Smishing stands for SMS phishing, and is directed toward mobile device users. Many of the social engineering methods associated with phishing are implemented here. The attacker will pretend to be the representative of a familiar organization or business. Sometimes the target will be asked to download an app or open a link. Individuals are more often the victims of smishing exploits, but large organizations can be targeted, too, as famously occurred with the alleged hack of Amazon CEO Jeff Bezos’s phone via a link sent through WhatsApp.

“The smishing text informs you that someone has tried to access your account or it’s been frozen (again don’t get caught up on the details, the account or anything else), and your password or some other data needs to be updated. There’s a link to use where you can authenticate yourself by entering your personal information (for example, your Social Security number), and secure your account,” says CyberScout Founder Adam Levin, adding “if you regularly use your smartphone to access the internet, bear in mind that there are hidden dangers everywhere, and pause before you pounce on text warnings.”

The sheer number of variations on the term phishing may sound excessive, but each does represent a new and potentially catastrophic threat to businesses and their data. The likelihood that any of us will see at least one new form of “-ishing” in the near future is high, and we all need to plan accordingly.

Companies and organizations should invest sufficient resources in employee training so that everyone in an organization--from the mailroom to the boardroom, knows how to recognize cyber threats, and particularly phishing schemes. While the techniques and methods used in “-ishing” scams are getting more sophisticated all the time, the tried-and-true methods are still effective:

Practice good password hygiene. People are still re-using passwords and it’s a Welcome mat for hackers. 

Use two-factor authentication. Many companies still don’t require two-factor authentication for accounts. 

Be careful! Employees are still wiring money without person-to-person following up to confirm requests.

Training alone won’t prevent social engineering. There are an increasing number of email services that deploy AI technologies. While not perfect, AI is getting better at being able to identify scam and phishing emails. 

It is also a good idea to invest in digital certificate technology to confirm that emails sent from colleagues are legitimate. 
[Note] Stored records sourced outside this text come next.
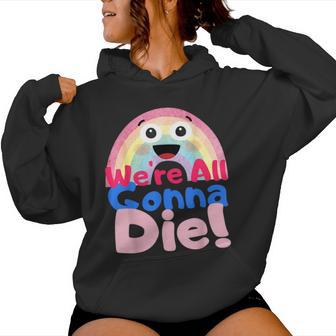 We're All Gonna Die Sarcástico Pessimistic Rainbow Sudadera con capucha para mujer - Regaloses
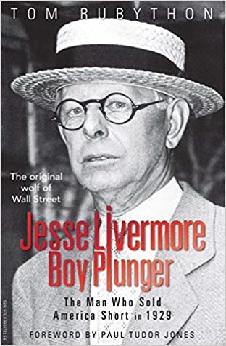 Jesse Livermore, Boy Plunger: The Man Who Sold America Short In 1929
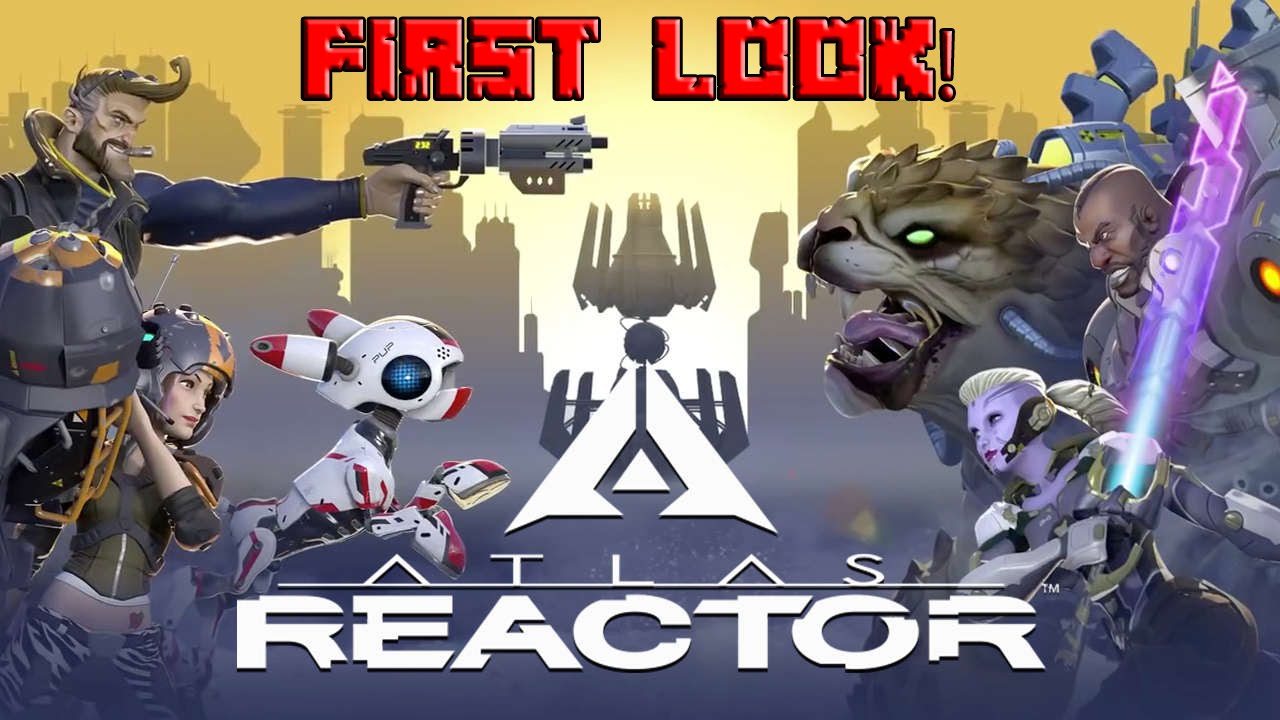 Atlas Reactor (First Look!)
Finally. cyber-risk insurance and identity protection for employees should be a standard part of company policy and benefits packages and identity theft resolution should always be included in the array of employee benefits offered through your human resources department.
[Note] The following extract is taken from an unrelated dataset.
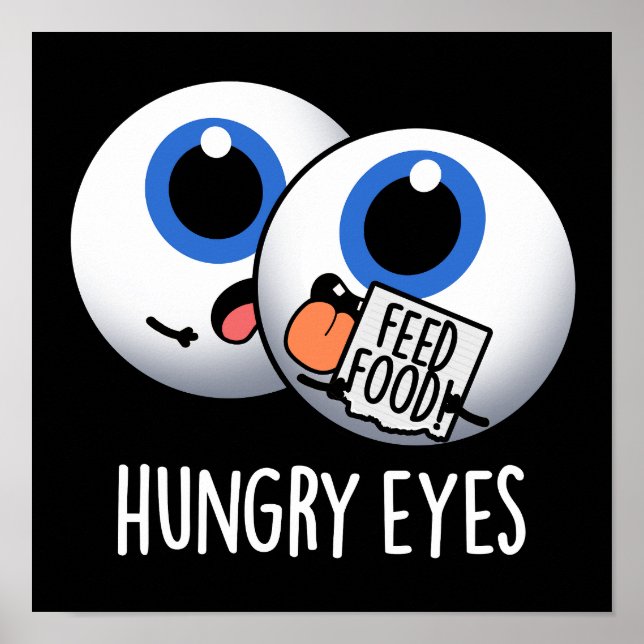 Hungry Eyes Funny Eyeball Pun Dark BG Poster (Front)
Individuals should follow what CyberScout Founder Adam Levin calls the Three M’s of cybersecurity: Minimize, Monitor, and Manage.

Minimize risk of exposure by practicing good cyber hygiene, not sending sensitive information over email or unencrypted connection, and be skeptical about any messages alerting them to “urgent” issues with accounts.

Monitor accounts by checking credit and bank accounts, signing up for alerts, and double-checking every transaction. Many victims of phishing scams aren’t aware that they’ve been had until weeks after the fact.